Shirish Nadkarni
OGJ Correspondent
MUMBAI, Feb. 19 -- India likely will abolish the artificial $35/bbl cap on crude oil that it has maintained for years, an act designed to attract private service contractors to develop marginal fields held by explorer-producer Oil & Natural Gas Corp. (ONGC). The corporation hopes to put about 96% of these reserves on production during the course of its eleventh 5-Year Plan (2007-12).
The crude price after removal of the cap would be more attractive, but still lower than what ONGC realizes by selling crude to oil marketing companies—about $54/bbl.
Substantial total volumes of hydrocarbons are locked up in the marginal fields. The best way to exploit their full potential is to outsource them to smaller companies. Through a bidding process, ONGC enters into service contracts with companies that have expertise in developing marginal fields, but because of the artificial price cap, response from contractors has been lukewarm.
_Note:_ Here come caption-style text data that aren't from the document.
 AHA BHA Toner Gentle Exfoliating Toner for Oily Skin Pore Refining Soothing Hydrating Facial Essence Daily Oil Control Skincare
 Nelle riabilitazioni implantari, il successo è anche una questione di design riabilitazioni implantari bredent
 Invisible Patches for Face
A few weeks ago, India's Petroleum Ministry asked ONGC and the directorate-general of hydrocarbons (DGH) to review the existing mechanism for development of marginal fields that would result in attractive fiscal packages for the service contractors.
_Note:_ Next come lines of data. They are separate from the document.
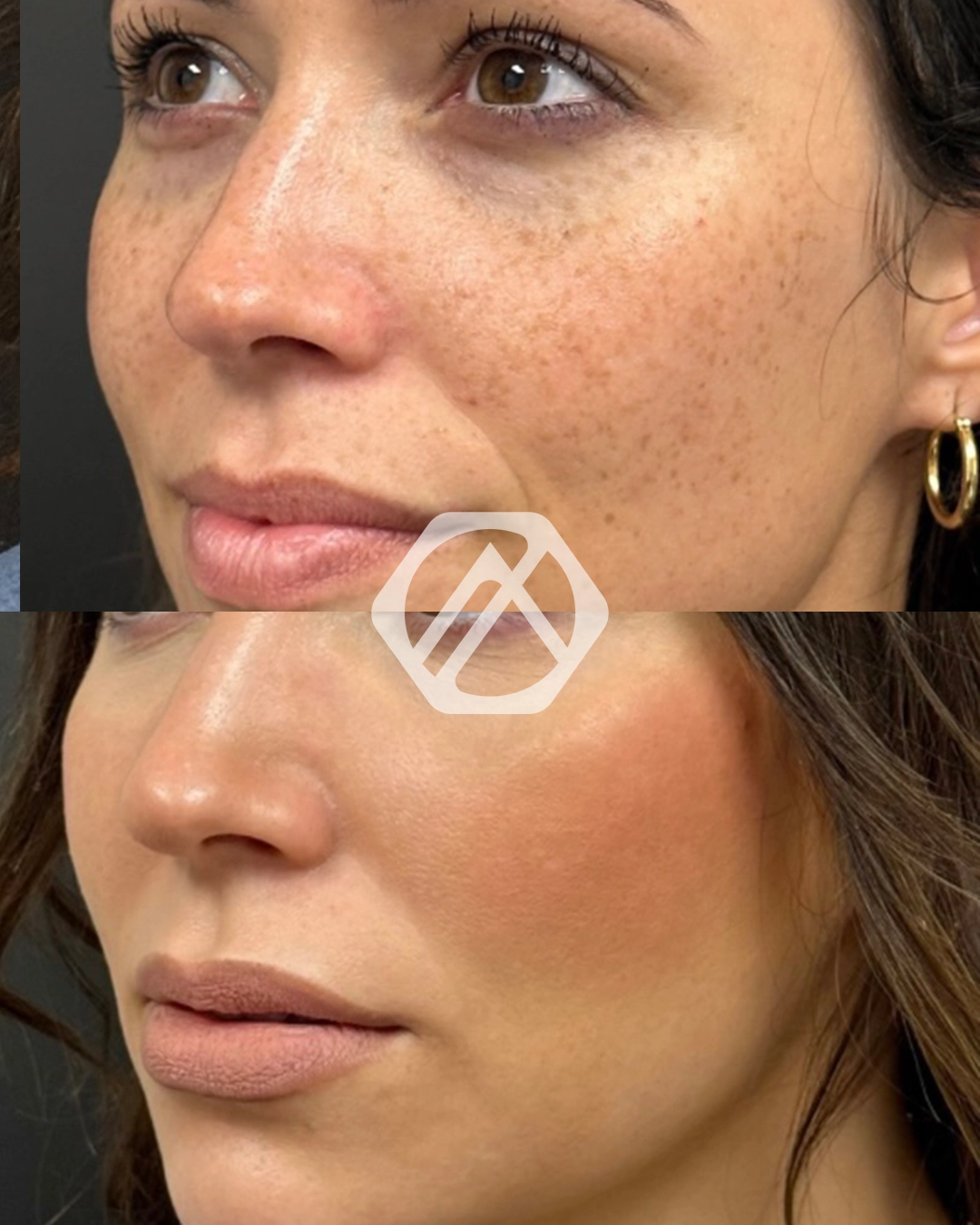 Facial Balancing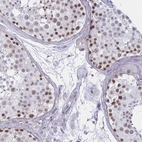 Immunohistochemical staining of human testis shows strong nuclear positivity in cells in seminiferous ducts.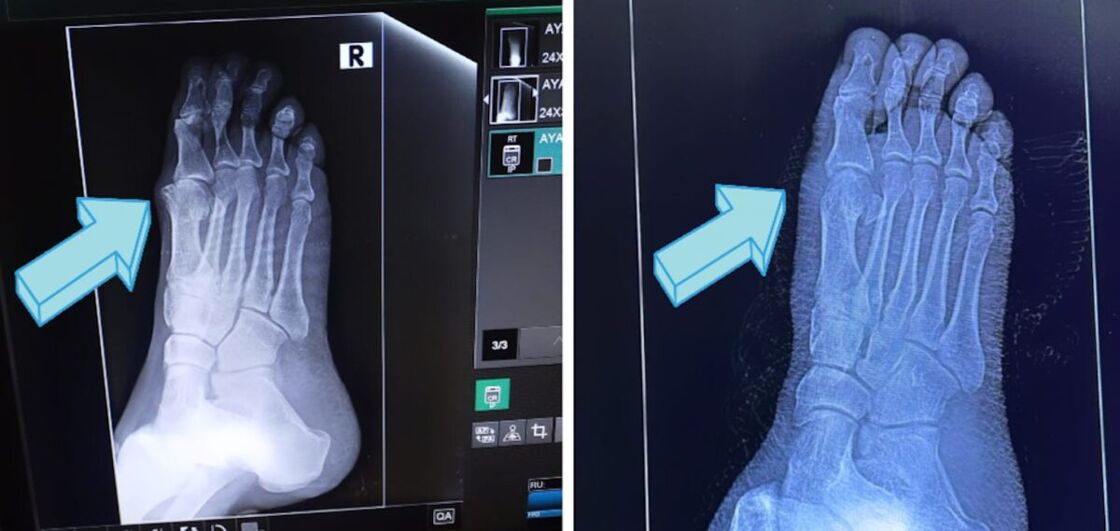 Two images of x-rays for Brent's right foot. The first is before the surgery and shows the bone spurs. The second is post-surgery and shows them removed.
"A good fiscal package would encourage many competent bidders to participate in the marginal field tenders, attracting better competition," a senior ONGC official said, requesting anonymity.
The ministry also asked DGH, which monitors the blocks awarded under the New Exploration Licensing Policy (NELP) rounds, to work out a formula for ONGC that would yield better results from these fields.
ONGC holds 165 offshore and onshore marginal oil fields but for years didn't develop them because field development costs would be higher than the production price cap. Of the fields, 63 have been monetized, 71 are currently under monetization, and 31 are to be monetized, ONGC said.
Last year, ONGC had entered into service contracts for development of 14 onshore marginal fields. Simultaneously, the corporation is continuing its efforts to develop new and marginal offshore and onshore fields through in-house efforts.
"We plan to offer 22 marginal fields, mainly onshore, during the current calendar year for development by service contractors. Four of these fields had been contracted out by us earlier. However, since no development work took place, we are planning to withdraw these fields from the contractors and put them up on offer again."